• **PROMPT**: Pictures stay out of the copy. Transcribe exactly, and only, the line with "Sticker Rond Feuille" through the last line of the entries below.

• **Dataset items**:
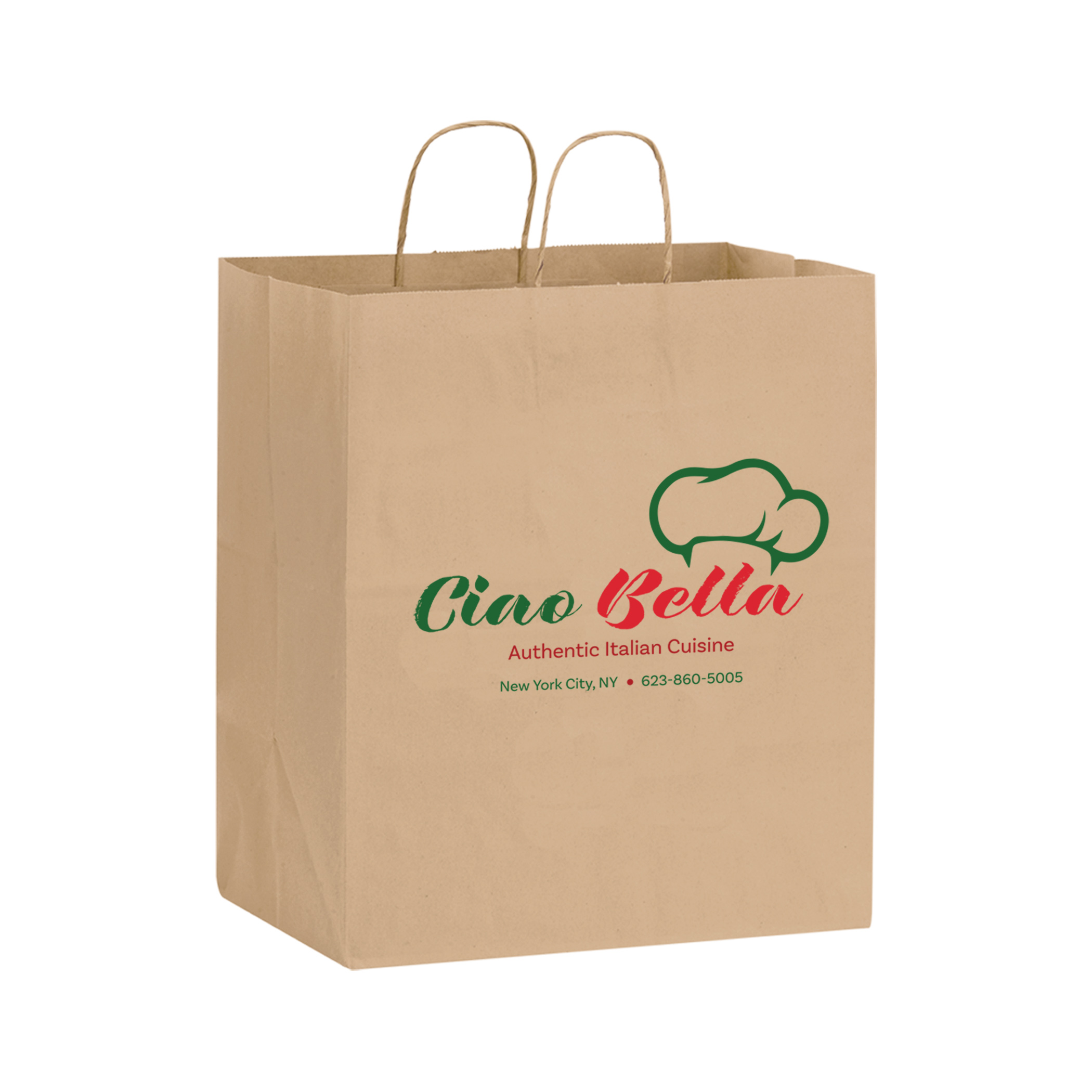 Natural Kraft Paper Shopper with Twisted Paper Handles 1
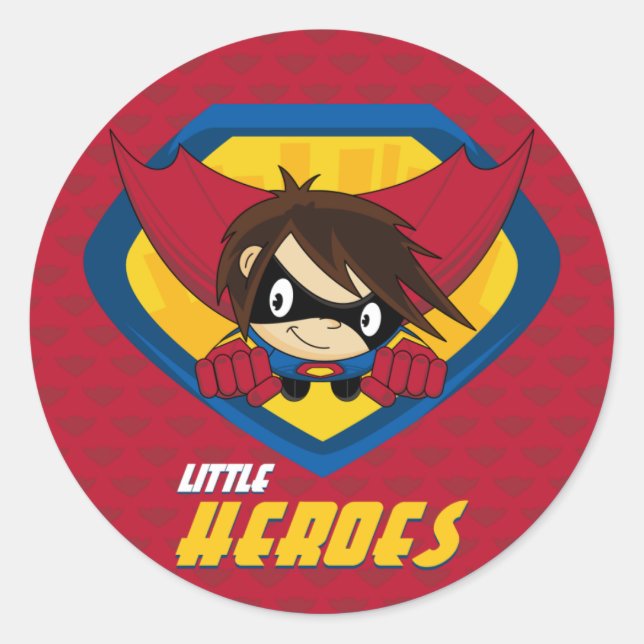 Sticker Rond Feuille d'autocollants Superhero (Devant)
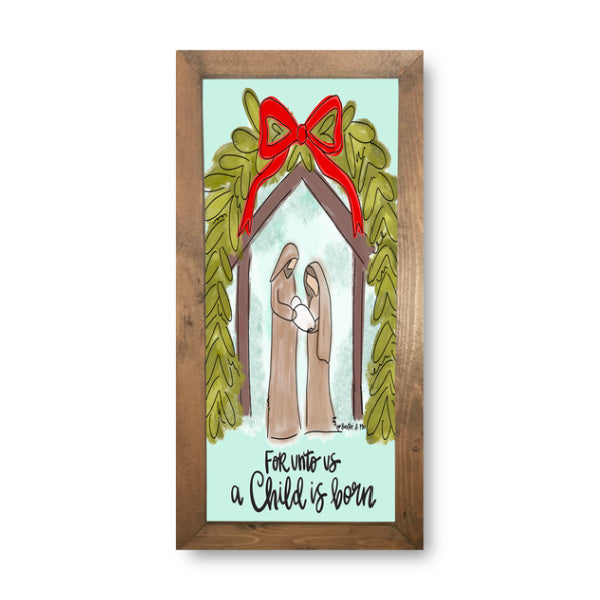 Child is Born Manger Miracle - Framed Art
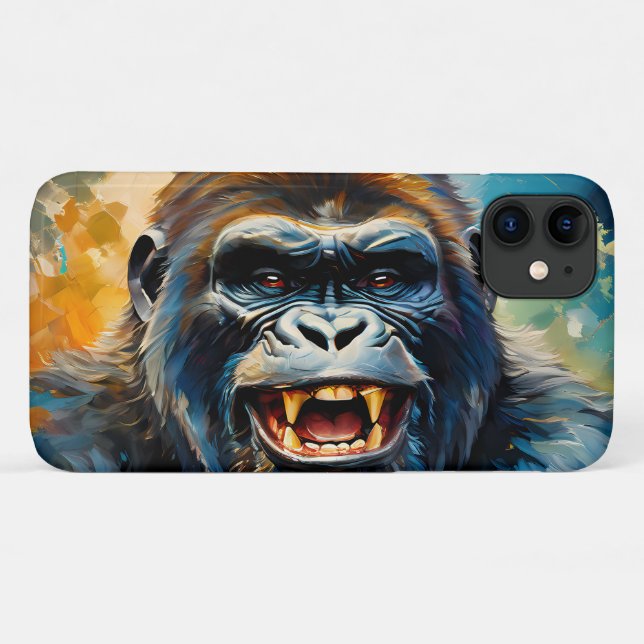 Capa Para iPhone 11 Sorriso Grande de Gorilla (Verso (horizontal))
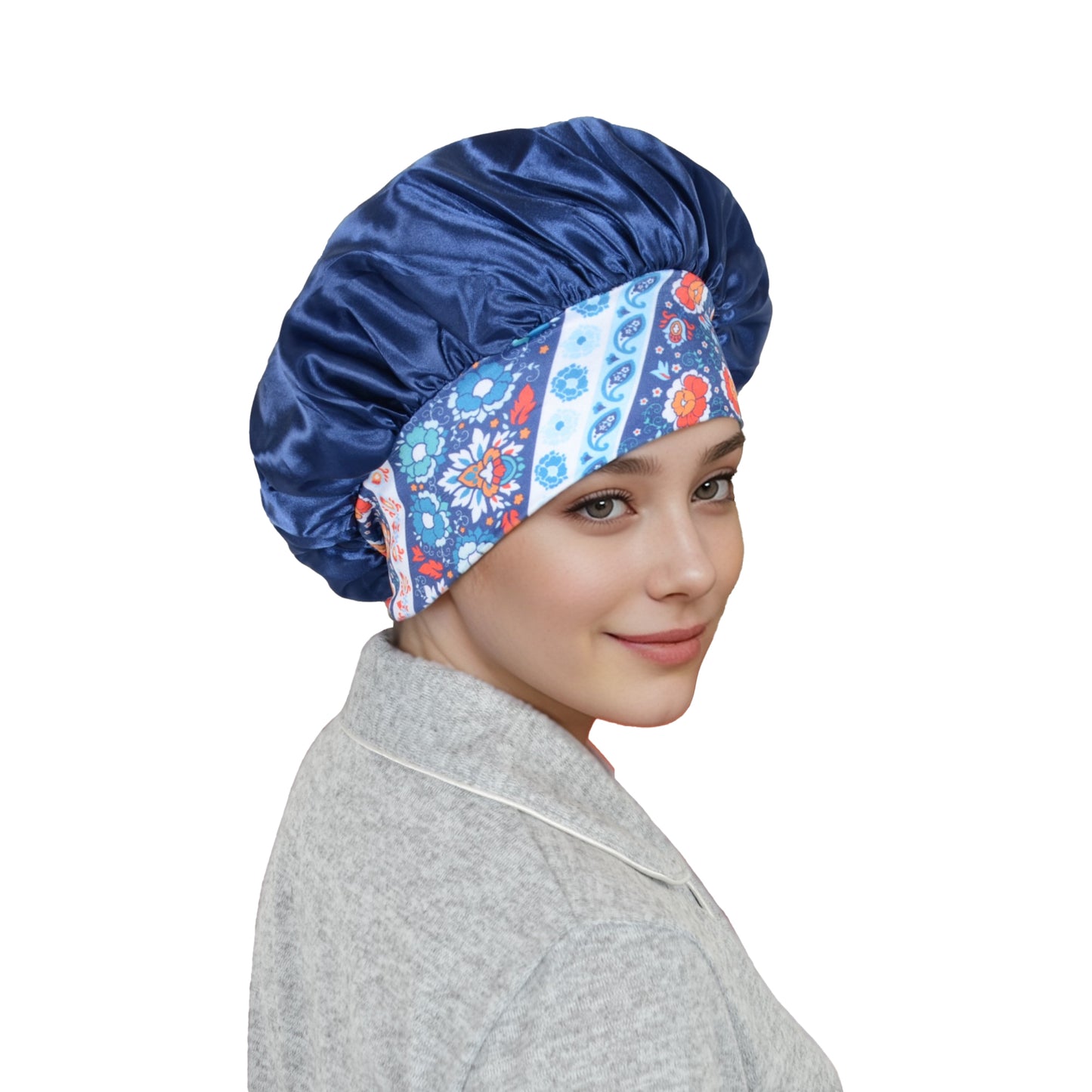 Women Silk Bonnet for Sleeping Satin Hair Bonnet with Floral Elastic Band for Hair Protection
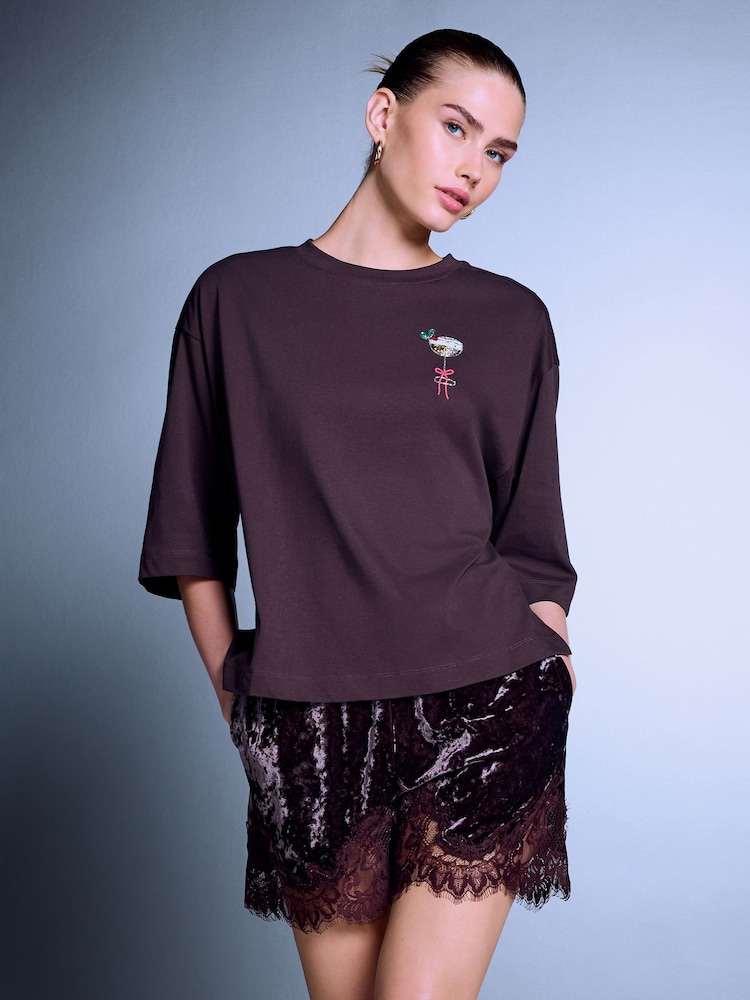 Chocolate Brown Espresso Martini Beaded Short Sleeve T-Shirt - Image 2 of 6 Chocolate Brown Espresso Martini Beaded Short Sleeve T-Shirt - Image 2 of 6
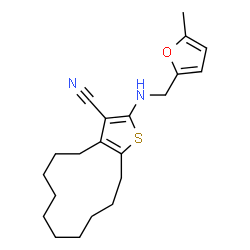ChemSpider 2D Image | 2-{[(5-Methyl-2-furyl)methyl]amino}-4,5,6,7,8,9,10,11,12,13-decahydrocyclododeca[b]thiophene-3-carbonitrile | C21H28N2OS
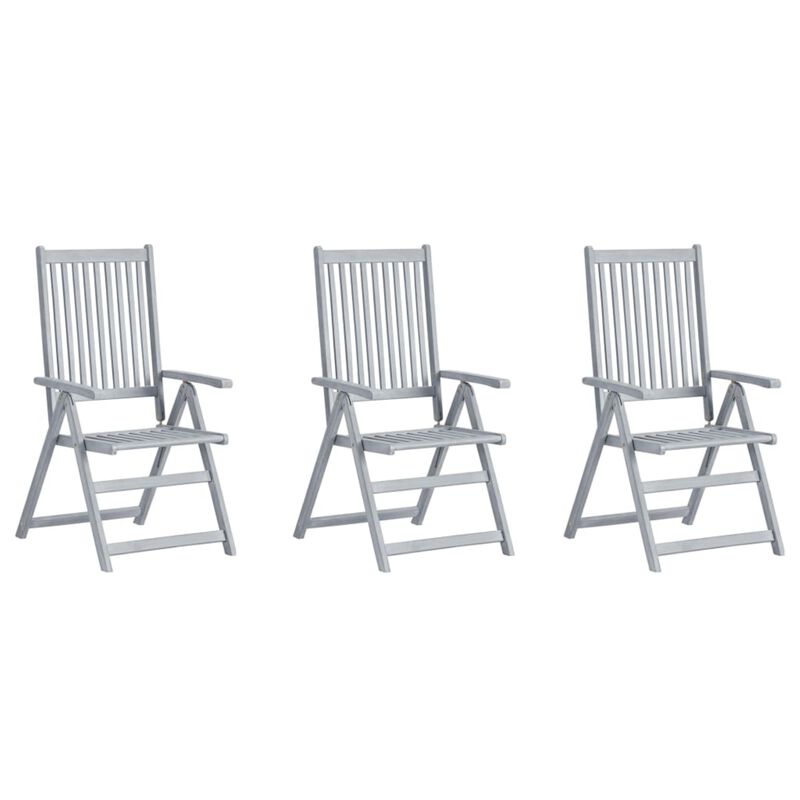 vidaXL Garden Reclining Chairs 3 pcs with Cushions Solid Acacia Wood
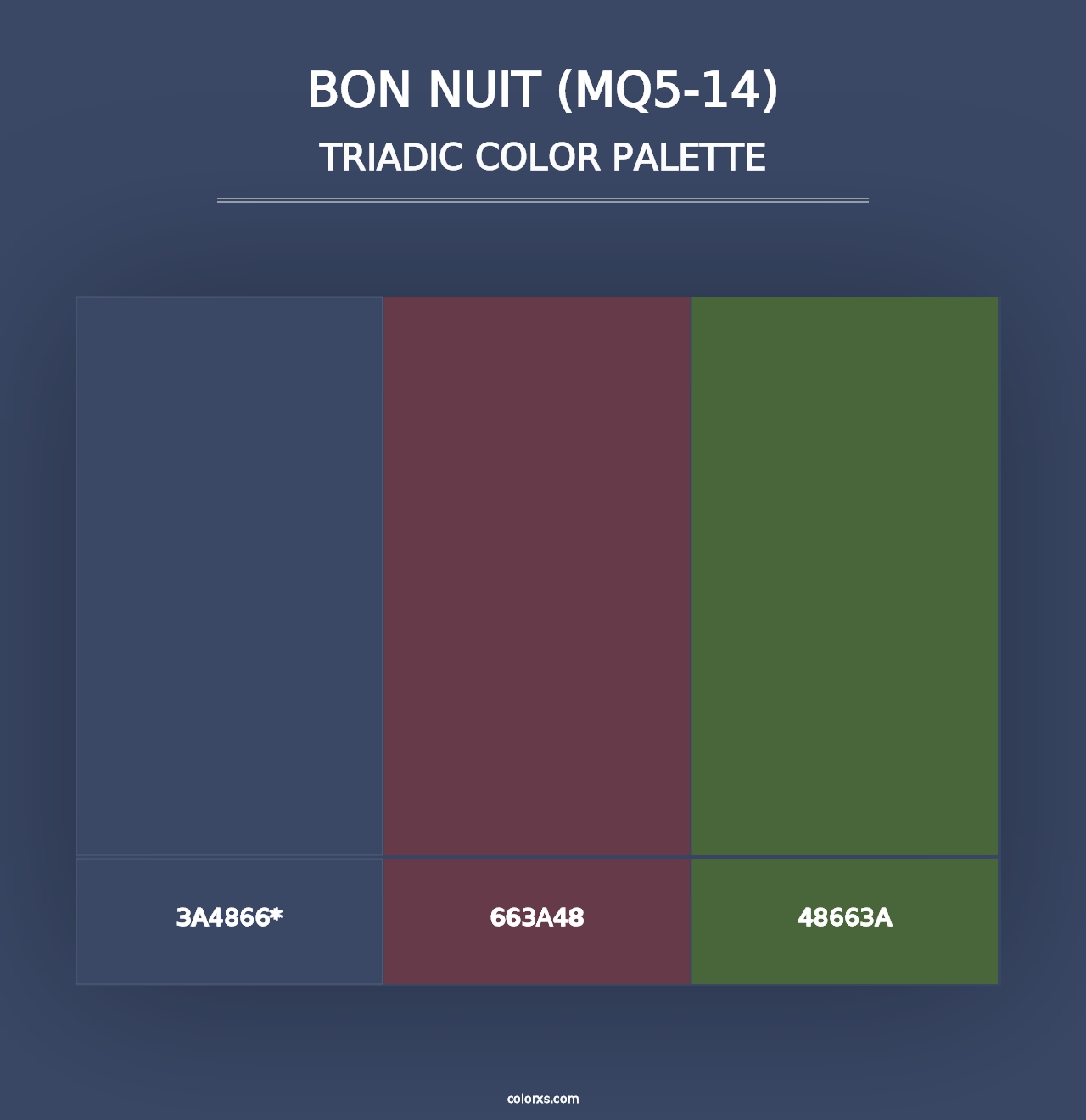 Bon Nuit (MQ5-14) - Triadic Color Palette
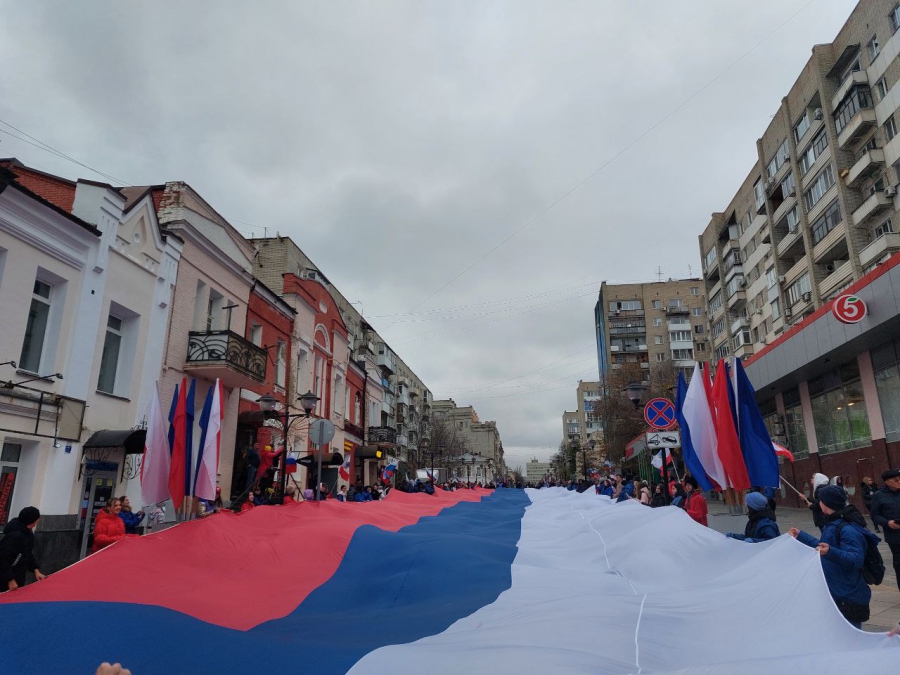 Студенты ФИиП приняли участие в городском флешмобе в честь праздника "День народного единства" Фото 1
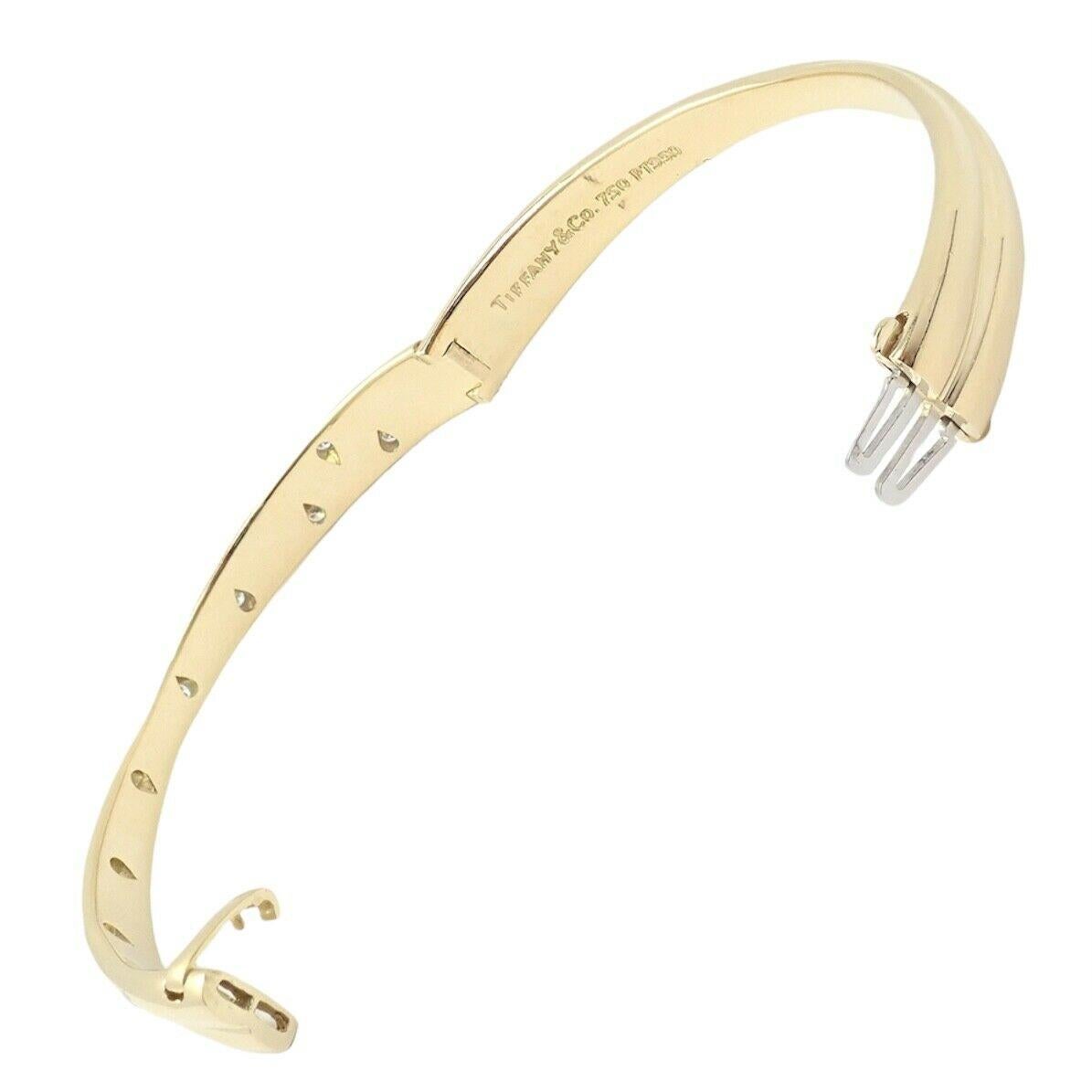 Brilliant Cut Tiffany & Co Etoile Diamond Yellow Gold Platinum Crossover Bangle Bracelet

• **ANSWER BOX**:
 Sticker Rond Feuille d'autocollants Superhero (Devant)
 Child is Born Manger Miracle - Framed Art
 Capa Para iPhone 11 Sorriso Grande de Gorilla (Verso (horizontal))
 Women Silk Bonnet for Sleeping Satin Hair Bonnet with Floral Elastic Band for Hair Protection
 Chocolate Brown Espresso Martini Beaded Short Sleeve T-Shirt - Image 2 of 6 Chocolate Brown Espresso Martini Beaded Short Sleeve T-Shirt - Image 2 of 6
ChemSpider 2D Image | 2-{[(5-Methyl-2-furyl)methyl]amino}-4,5,6,7,8,9,10,11,12,13-decahydrocyclododeca[b]thiophene-3-carbonitrile | C21H28N2OS
 vidaXL Garden Reclining Chairs 3 pcs with Cushions Solid Acacia Wood
 Bon Nuit (MQ5-14) - Triadic Color Palette
 Студенты ФИиП приняли участие в городском флешмобе в честь праздника "День народного единства" Фото 1
 Brilliant Cut Tiffany & Co Etoile Diamond Yellow Gold Platinum Crossover Bangle Bracelet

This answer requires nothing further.